═════ INPUT DATA ═════

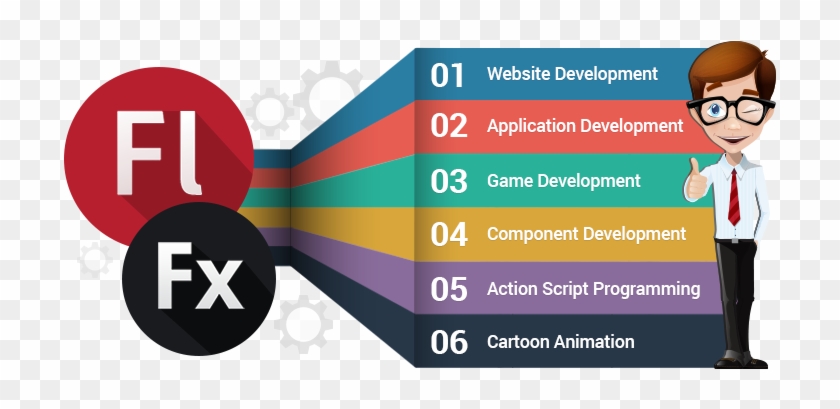 Our Flash And Flex Development Service Includes - Flex Design For Graphic #922199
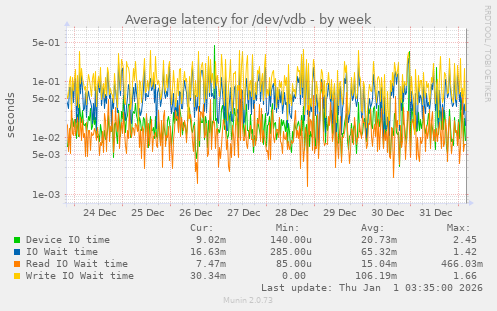 Average latency for /dev/vdb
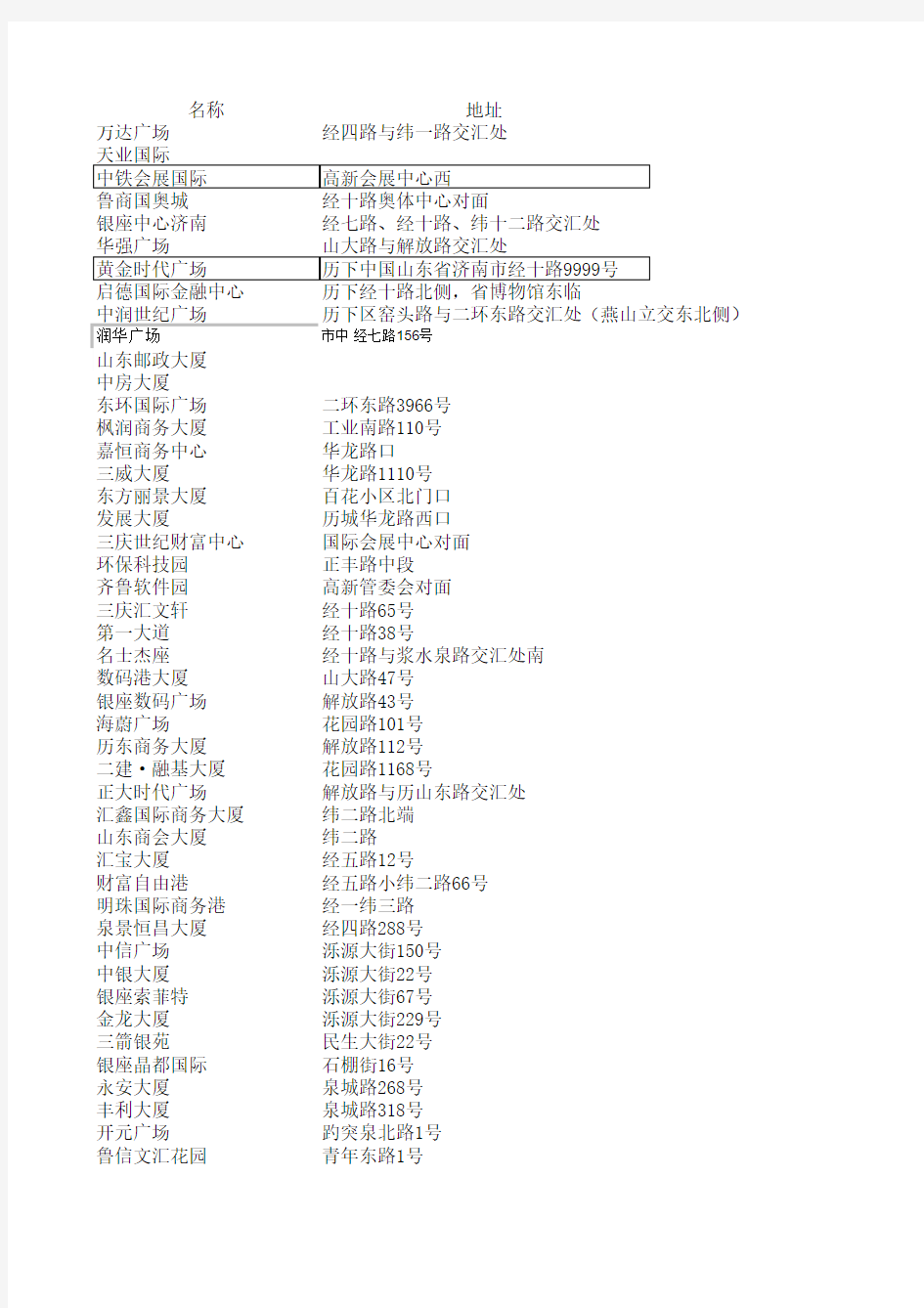济南写字楼一览表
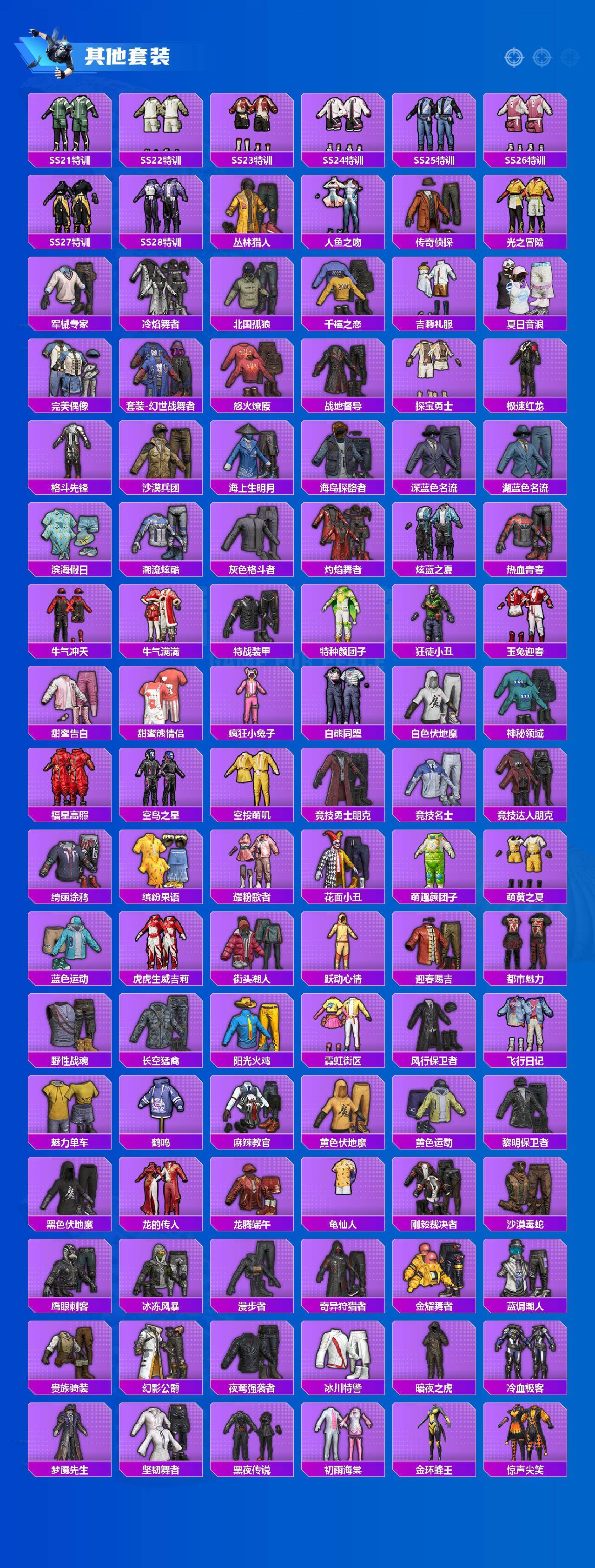 HPQM4139540和平精英账号详情图6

═════

*EXERCISE DETAILS*
An exact copy of the listing above is to be set down, with no pictures in it.

*SOLUTION TO THIS TASK*
 Our Flash And Flex Development Service Includes - Flex Design For Graphic #922199
 Average latency for /dev/vdb
济南写字楼一览表
 HPQM4139540和平精英账号详情图6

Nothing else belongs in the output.